By 1999, the venerable premises at 224 Pontius N embodied all the technological changes their industry had seen. As its 1999 Landmark Nomination stresses, it was sequentially altered from a dye works and steam-powered laundry into a gas-powered commercial supply laundry, a dry cleaning establishment (which, notably, specialized in rug cleaning), even, as the Seattle Times noted on July 9, 1914, remade as the hospital laundry of the University of Washington.

The 18 permits on file for all these alterations and expansions comprise a fascinating history. For instance: The Metropolitan Laundry Company's application to build on Pontius was granted July 13, 1917; by the following evening, 1,100 women laundry workers in the city were on strike. Earlier in June, alongside D.C. Keeney's Seattle Empire Laundry, the Metropolitan had been listed in the Seattle Union record as one of 17 "UNFAIR TRUST LAUNDRIES". Yet construction of the new plant proceeded apace, with the last recorded inspection necessary to opening made on November 20, 1917.

Significant alterations required by the laundry's success each tell their own stories. In 1925 (permit #247800 ) and in 1929 (permit #287581) came additions designed for the business by Ira S. Harding. As architect and builder of the 1914 Seattle Empire Laundry, few locals could better understand a power laundry. The alterations Harding devised were, respectively, a single-story garage to help with increasing deliveries and a "dry house". The latter would have been intended to increase the laundry's output of "finished" clothing, especially shirts.

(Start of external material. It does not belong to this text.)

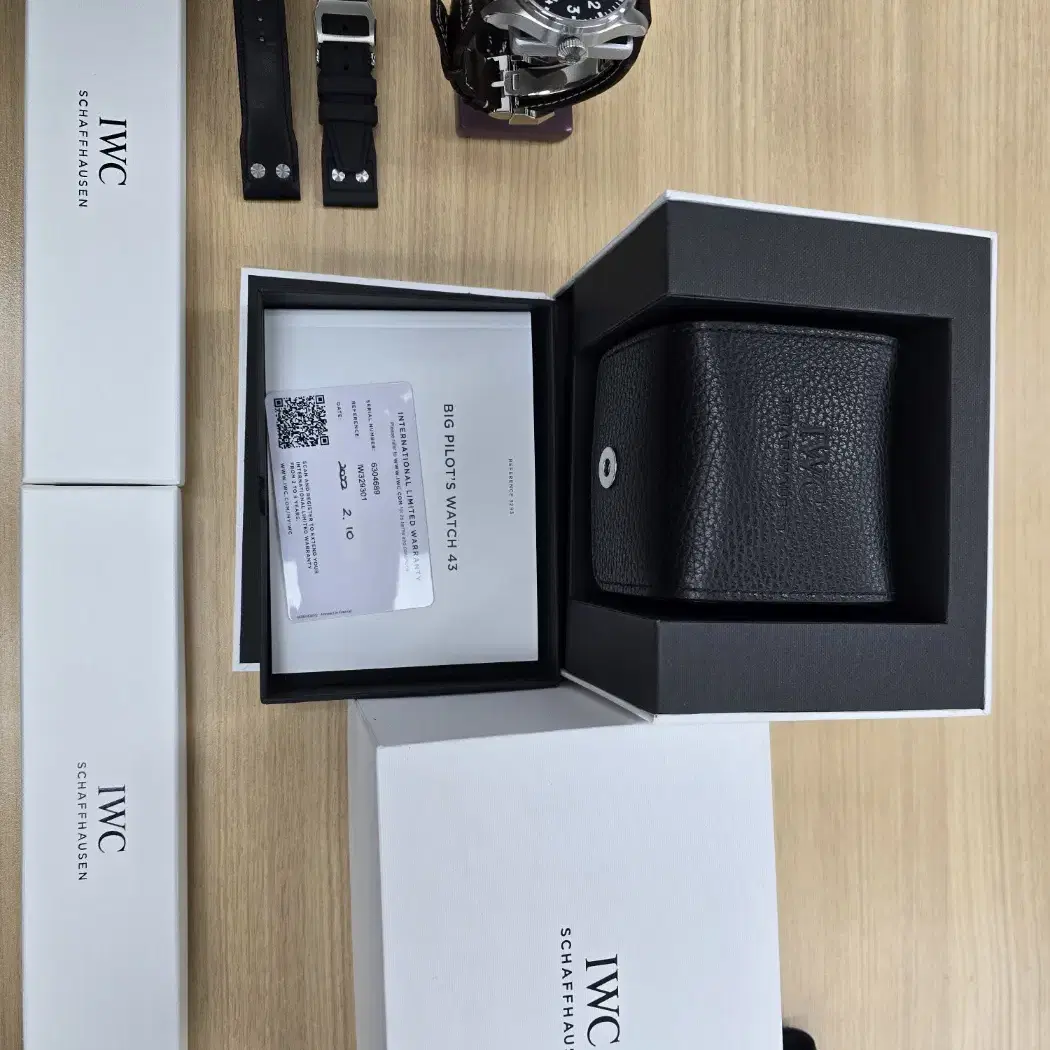 IWC 빅파일럿 43MM 검판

In one of several inaccuracies and errors, the 1999 Landmark Nomination for the New Richmond fails to note anything relevant about Harding. It in fact incorrectly asserts that his 1929 addition (the dry house) was "unidentified".

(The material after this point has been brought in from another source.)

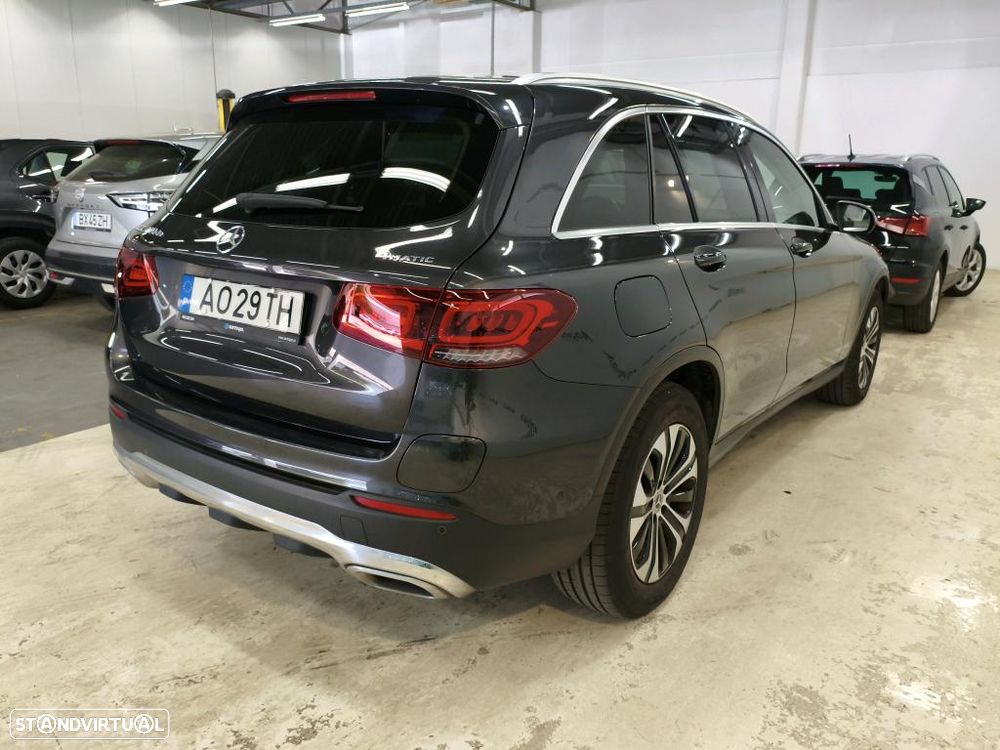 Mercedes-Benz GLC 300 e 4Matic - 3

Like all the alterations, it was in fact industry-specific. Subsequent permits detail a litany of necessary transformations. They include: the 1926 refitting of a chimney built in a hurry, "without permit" (permit #257735); then its shortening by over two feet in 1931 (permit #395998). The laundry gained another story in 1931 (permit #317656), was improved to meet mill classification in 1944 (#363172) and its structure was strengthened with steel in 1948 (permit #385254). Paras 3-9 on page 9 of the 1999 Landmark Nomination detail well the "kinetic" work environment of a laundry that had been in continuous operation, with continuous technological updates, for more than 80 years.

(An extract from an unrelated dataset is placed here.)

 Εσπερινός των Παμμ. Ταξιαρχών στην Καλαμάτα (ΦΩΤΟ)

One of the most remarkable facts of this continuum is revealed on page 9 of the 1999 landmark nomination where it is stated that the New Richmond "currently employs around 70 people working in a variety of specfic tasks". The same statement could have been made as far back as 1921 - the staff was tallied at 70 people from 1921 until 1937 (Directory of Washington Manufacturers, 7th, 8th, 9th editions; Greater Directory of Washington State Products, 10th edition).

When Albert Tomlinson purchased the building in 1961, it was trading as the Pantorium Laundry (a homage to another former title, the Pantorium Dye Works). Tomlinson re-christened his purchase the "PRIM Laundry". According to the Tomlinson family, this name commemorated the first letter of each business Albert Tomlinson owned. A mural of the PRIM logo was still visible on the southern wall in 1999.

The Tomlinson family commissioned the 1999 nomination to rule out landmark status; they intended to replace the laundry building with a "new, multi-family structure". Thanks to their involvement its report contains valuable information about the laundry's latter days, as well as reproductions of unique historic photographs. But it was hardly written to enlarge the body of knowledge about Seattle's industrial industry.

Shortly after the designation of the New Richmond Laundry as a landmark, the laundry did remove its operations to new premises. According to Seattle Municipal Code, a landmark cannot be demolished. But it can certainly be disfigured. This building's sad fate incarnates Seattle's lack of respect for its own history, architecture and achievements. As with Seattle's "historic" 66 Belltown Lofts (the landmarked Seattle Empire Laundry). Both stand as hideous, disfigured testaments to the greed of developers - the modern equivalent, perhaps, of that greed which drove the "Pacific laundrymen".